For the reasons described above, the correct way for Ed's browser
to determine the type of the linked representation, which in this case
may indeed be executable, is from the media-type.
Of course, a well-written agent will warn users before executing
any code retrieved from the Web, regardless of whether
the determination of its type was made in the appropriate
manner or
inappropriately from the URI suffix.
The principle conclusions of this finding are:
It is legitimate for assignment authorities to encode static identifying properties of a resource, e.g. author, version, or creation date, within the URIs they assign. This may contribute to the unique assignment of URIs. It may also contribute to the use of efficient mechanisms for dereferencing resources within origin servers e.g. use of database keys within URIs.
Assignment authorities may publish specifications detailing the structure and semantics of the URIs they assign. Other users of those URIs may use such specifications to infer information about resources identified by URI assigned by that authority.
The ability to explore and experiment is important to Web users.

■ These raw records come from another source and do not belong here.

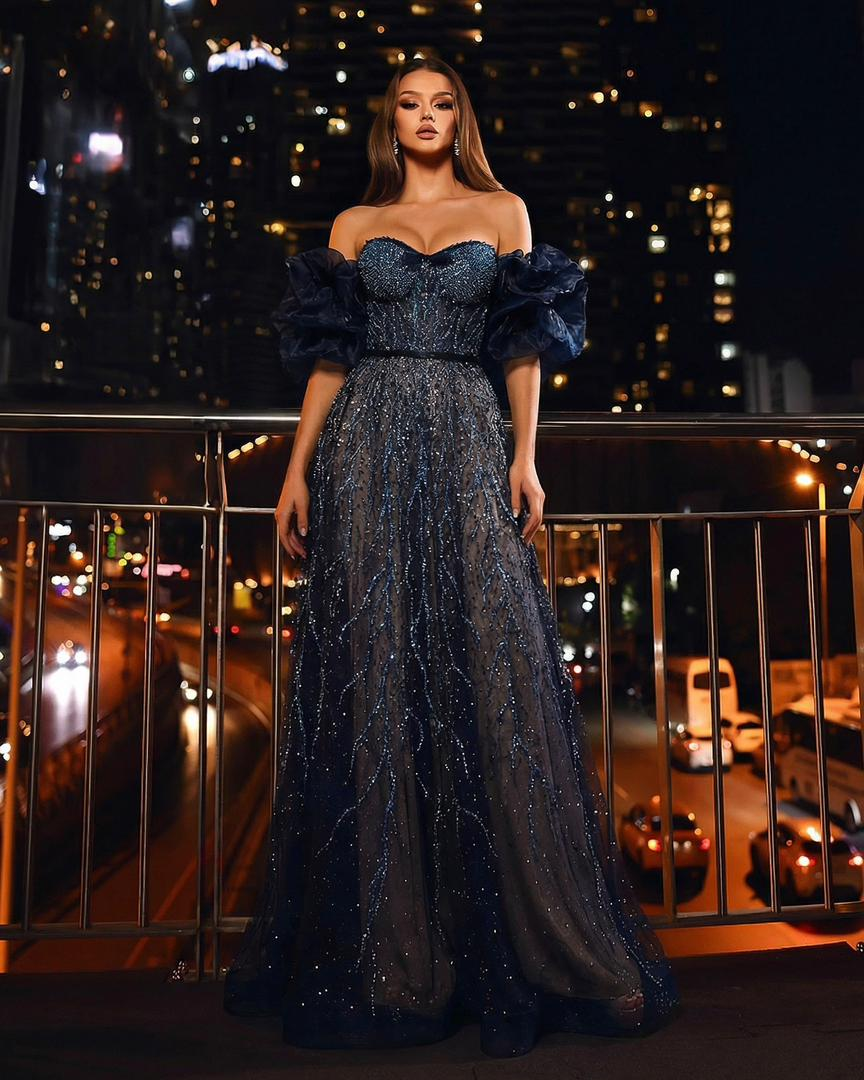 SH2026-17235blue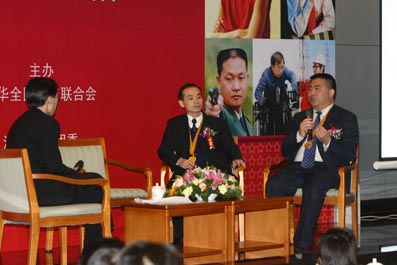 2025新澳门开门原料免费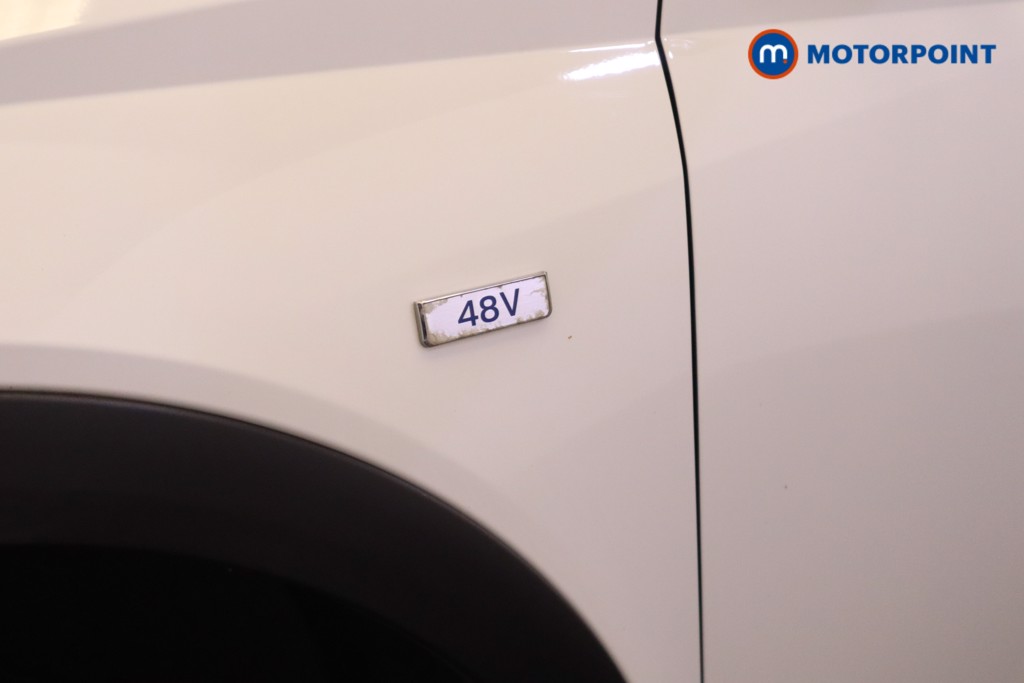 Hyundai Bayon Se Connect Automatic Petrol-Electric Hybrid SUV - Stock Number (1551802) - 34th supplementary image
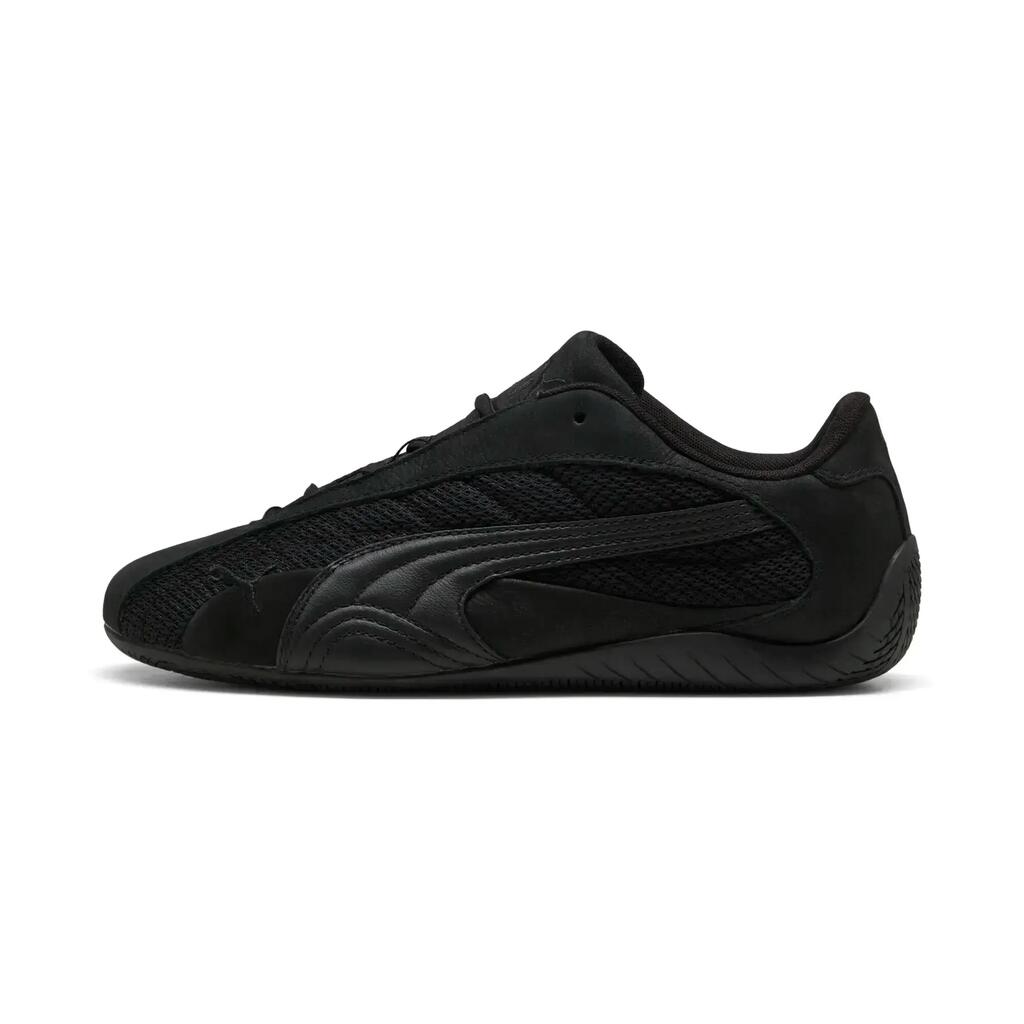 Trainers Puma Speedcat Plus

Users therefore benefit from the ability to infer either the nature of the named resource, or the likely URI of other resources, from inspection of a URI. Such inferences are reliable only when supported by normative specifications or by documentation from the assignment authorities. In other cases, users should be aware that their inferences may be incorrect and the effect could be malicious.
People and software using URIs assigned outside of their own authority should make as few inferences as possible about a resource based on its URI. The more dependencies a piece of software has on particular constraints and inferences, the more fragile it becomes to change and the lower its generic utility.